32.3 Understanding Big Data Scale

Imagine 1 Billion Sensors

The Challenge: Picture this scenario to understand the scale of IoT big data:

1 billion sensors deployed worldwide (smart meters, traffic cameras, air quality monitors)
Each sensor sends 1 reading per second (temperature, humidity, location, etc.)
Each reading is just 100 bytes (timestamp + sensor ID + value)

The Math:

1,000,000,000 sensors x 1 reading/second x 100 bytes = 100 GB/second
100 GB/second x 60 seconds x 60 minutes x 24 hours = 8,640 TB per day
8,640 TB per day x 365 days = 3,153,600 TB per year (~3,154 PB or ~3.15 EB/year)

That is over 3,000 PETABYTES (3+ exabytes) per year from a single simple IoT network!

Why This Matters:

Traditional databases like MySQL can’t handle this scale (typically max out at a few TB)
You can’t store this on a single hard drive (largest drives are ~20 TB)
Processing requires distributed systems like Hadoop or Spark running on hundreds of machines
Network bandwidth becomes critical: 100 GB/second = 800 Gbps (would saturate 800 standard internet connections)

The “Big Data” Part:

Volume: 3+ EB/year is too big for traditional systems
Velocity: 100 GB/second incoming data rate requires real-time processing
Variety: Sensors produce temperature (numeric), GPS (coordinates), images (binary), logs (text)
Veracity: Some sensors malfunction - how do you detect and filter bad data at this scale?
Value: The goal is actionable insights, not just hoarding data

This is why IoT needs big data technologies - regular tools simply break at this scale.

32.4 What Would Happen If: Disaster Scenarios

What If You Try Processing 1 TB on a Single Laptop?

Scenario: You work for a smart building company.

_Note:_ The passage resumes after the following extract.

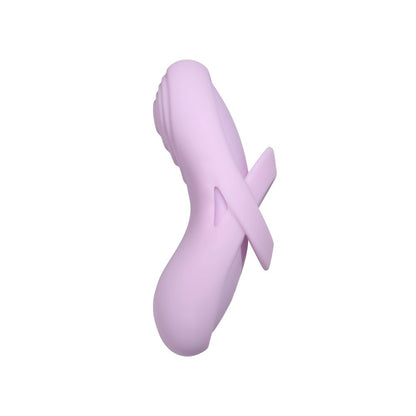 SVAKOM - ECHO 2 PINK LILAC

Your boss asks you to analyze 1 TB of temperature sensor data from 1,000 buildings over the past year using your laptop.

What Happens:

Single Laptop

1 CPU, 16 GB RAM

Processing time: 72 hours
Memory bottleneck and crash risk
No fault tolerance
Single point of failure

Distributed System

4 worker nodes

Processing time: 3 hours
24x speedup through parallelism
Automatic fault recovery
Scales horizontally as data grows

Figure 32.1: Single Laptop versus Distributed System Processing Comparison

32.4.1 Attempt 1: Load Everything Into Memory (RAM)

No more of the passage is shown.